I'm proud to be part of the "Open Book Team" of professors who have contributed materials to the accompanying website. The other two property professors are Jim Smith and Eduardo Penalver, so I'm very honored to be in such august company. I was flattered to be asked to contribute by the authors, Profs. Friedman and Goldberg, who were both extremely popular law professors at Vanderbilt when I was a student there. But more than that, when I read the manuscript, I felt like it encapsulated so many of the thoughts that I've had about law school exams as a student, as a practitioner, and as a relatively junior professor. I really do think that it's a fantastic resource for both students and teachers for thinking about law school exams and how they relate to legal practice.
I'm guest-bloggging this week at the Open Book Blog. My first post is about my conviction that A Law School Exam is a Legal Writing Event. The more time I spend in this profession, the more convinced I am that good communication through writing is the coin of the realm.

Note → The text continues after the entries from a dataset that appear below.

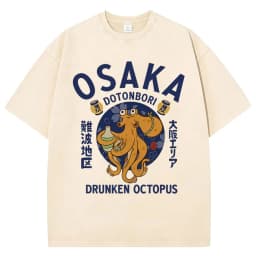 Funny Japanese Osaka Dotonbori Drunken Octopus Vintage Washed T Shirts Men Women Casual Fashion 100% Cotton Short Sleeve T-shirt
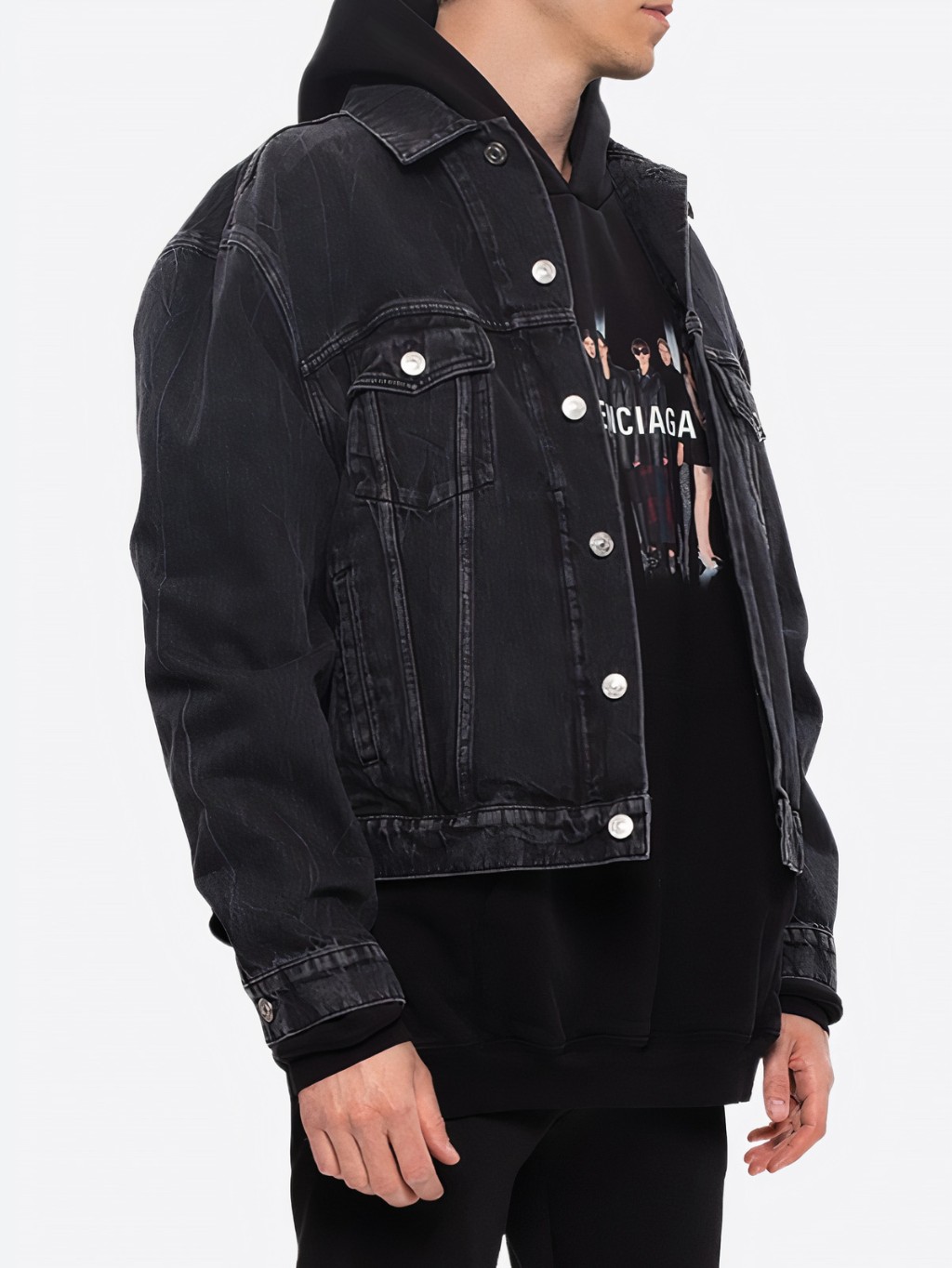 BALENCIAGA Style Black mikina Veľkosť: M – Obrázok 3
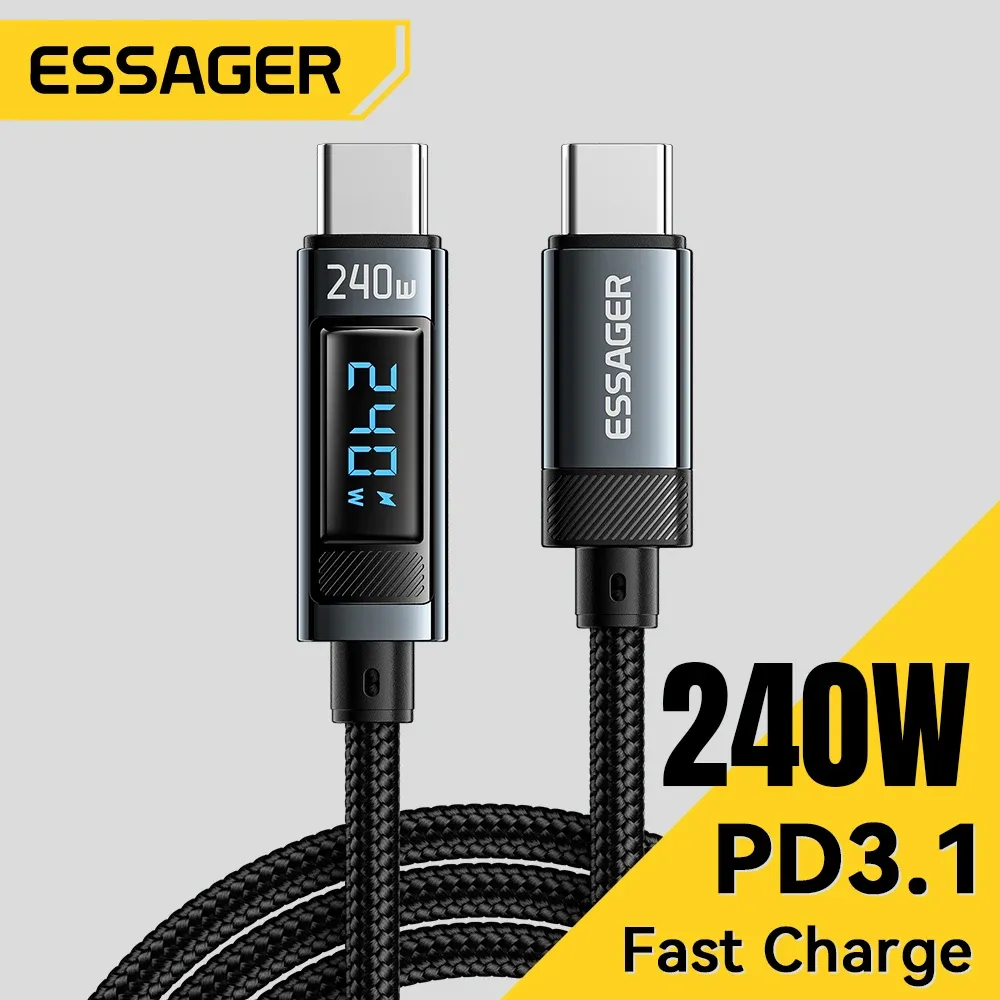 Essager 240 واط USB نوع C إلى USB C كابل 100 واط PD 3.1 شحن سريع سلك شاحن آيفون 15 برو ماكس ماك بوك برو شاومي سامسونج — صورة 1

This is also related to the thinking behind my recent paper on Academic Research and Writing as Best Practices in a 'Practically Grounded' Land Use Course.
I sincerely think that this book does a great deal of work towards explaining why law school is relevant to practice, and why all lawyers need to be proficient written communicators--and this especially applies to land use lawyers, because of the individualized, multidisciplinary, and practical nature of our field.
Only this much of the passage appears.